Dataset records.
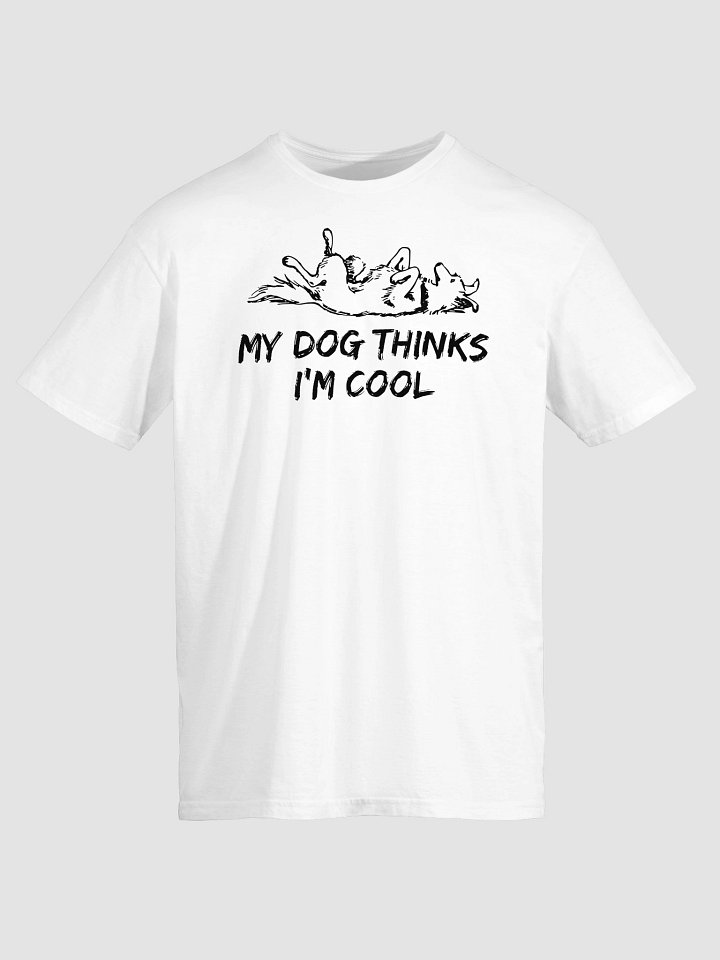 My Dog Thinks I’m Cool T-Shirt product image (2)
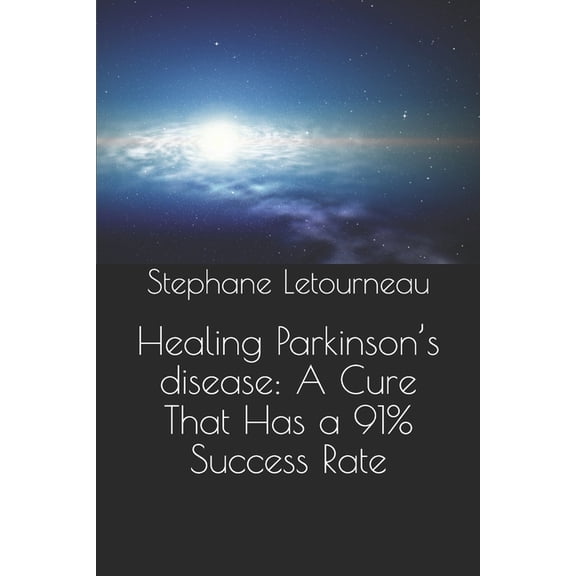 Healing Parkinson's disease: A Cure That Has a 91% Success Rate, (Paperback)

==

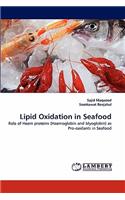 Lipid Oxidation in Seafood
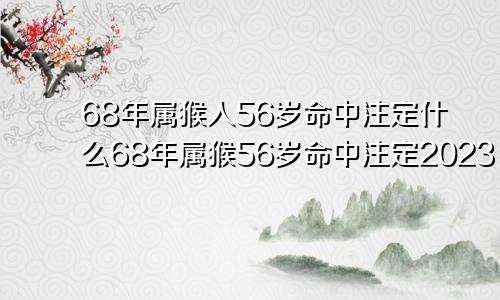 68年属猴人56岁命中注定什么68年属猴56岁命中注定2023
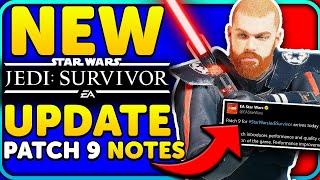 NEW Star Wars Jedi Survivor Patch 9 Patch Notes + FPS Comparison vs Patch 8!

Exercise brief. Extract from the material above the stretch running from the line containing "68年属猴人56岁命中注定什么68年属猴56岁命中注定2023" through the line containing "NEW Star Wars". Keep the text exact and the pictures out.

Finished exercise.
 68年属猴人56岁命中注定什么68年属猴56岁命中注定2023
 NEW Star Wars Jedi Survivor Patch 9 Patch Notes + FPS Comparison vs Patch 8!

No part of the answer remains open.